[Saved entries]
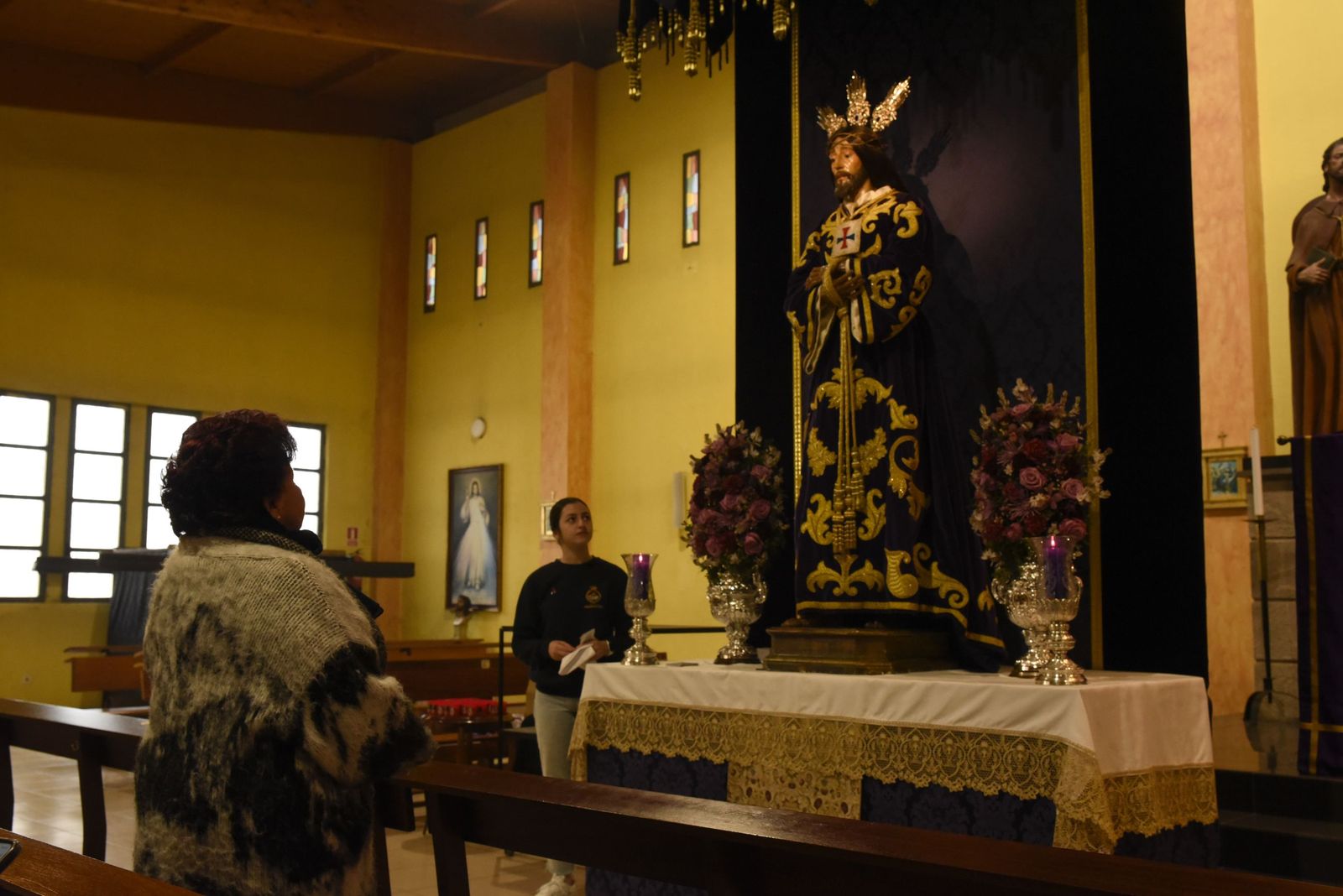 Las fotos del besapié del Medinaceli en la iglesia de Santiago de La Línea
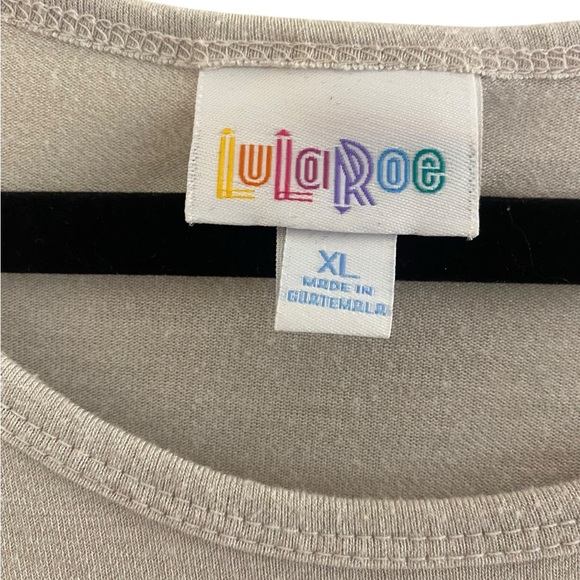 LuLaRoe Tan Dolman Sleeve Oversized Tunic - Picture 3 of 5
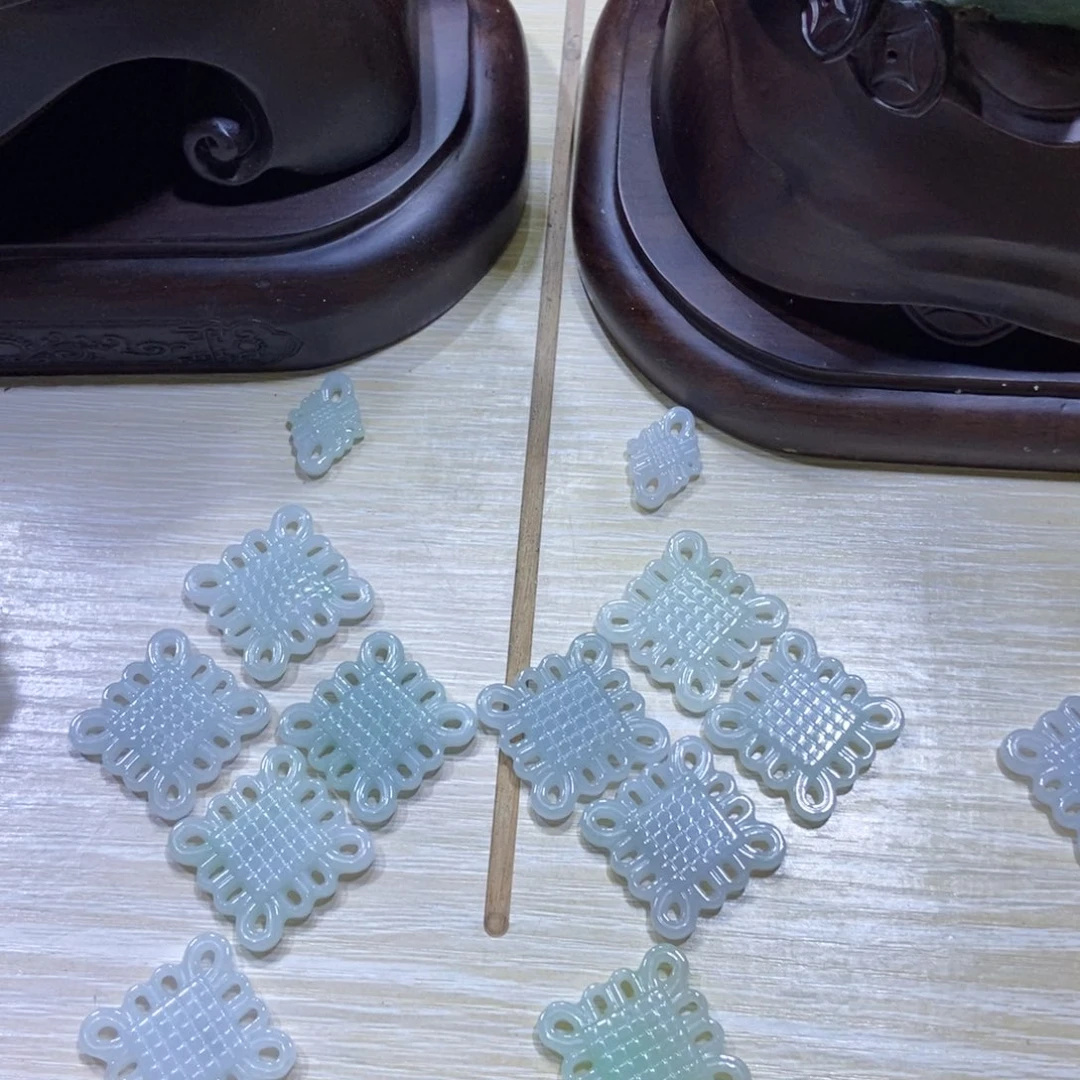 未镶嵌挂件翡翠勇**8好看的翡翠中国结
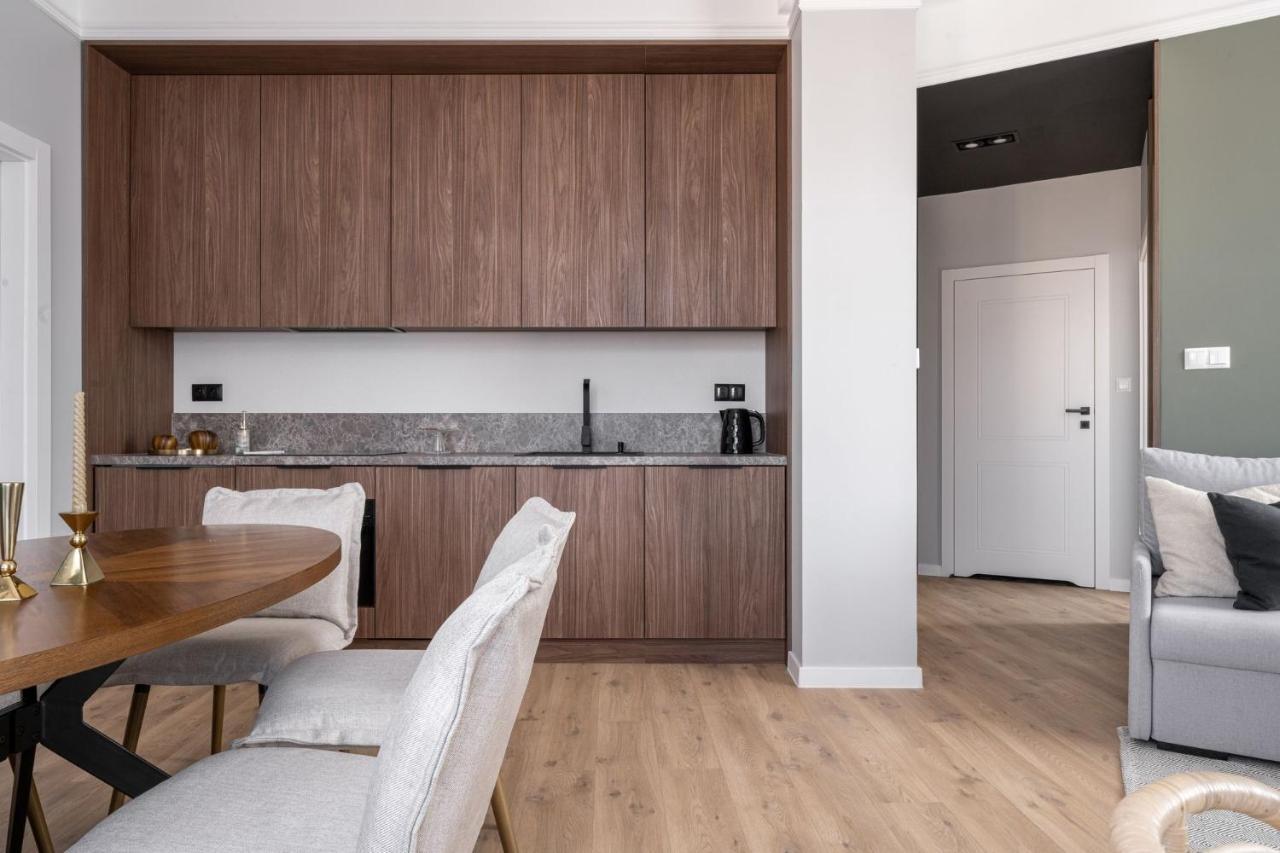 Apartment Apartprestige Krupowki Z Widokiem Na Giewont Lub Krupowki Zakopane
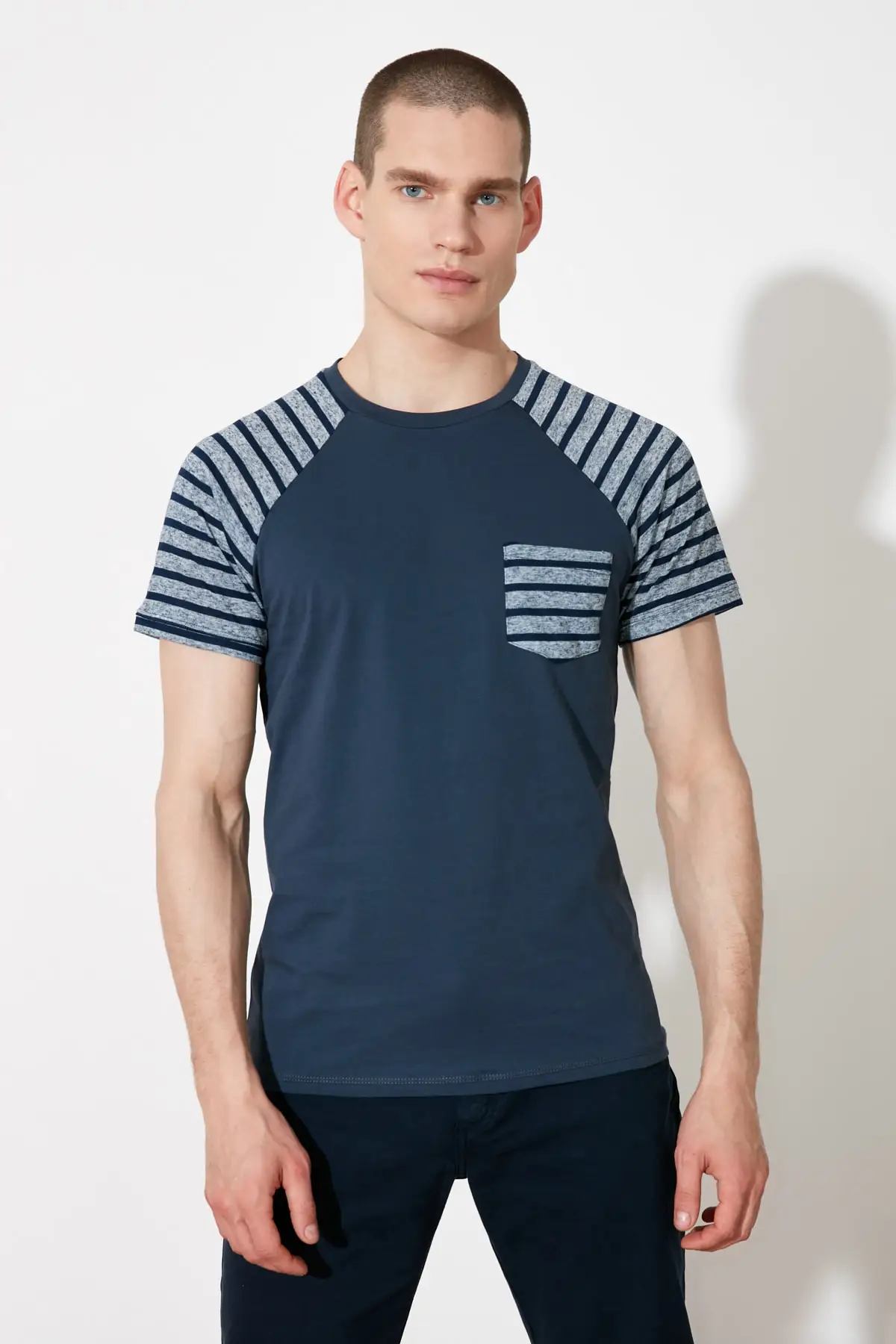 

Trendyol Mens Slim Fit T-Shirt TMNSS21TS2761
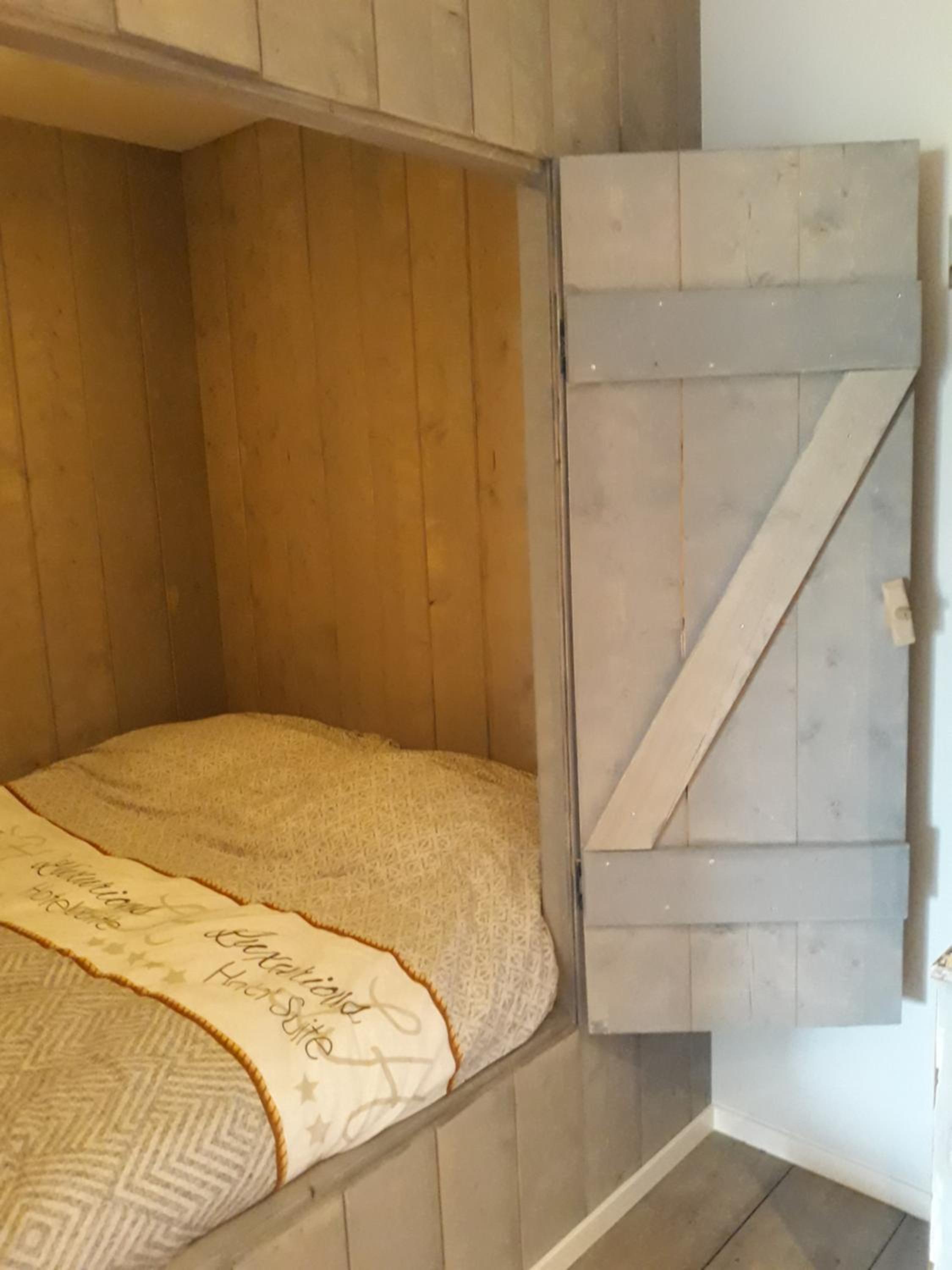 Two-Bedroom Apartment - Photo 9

▶ **TASK DETAILS**
Could you print all of the entries above exactly as written, minus the pictures?

▶ **EXPECTED ANSWER**
 Las fotos del besapié del Medinaceli en la iglesia de Santiago de La Línea
 LuLaRoe Tan Dolman Sleeve Oversized Tunic - Picture 3 of 5
 未镶嵌挂件翡翠勇**8好看的翡翠中国结
 Apartment Apartprestige Krupowki Z Widokiem Na Giewont Lub Krupowki Zakopane

Trendyol Mens Slim Fit T-Shirt TMNSS21TS2761
 Two-Bedroom Apartment - Photo 9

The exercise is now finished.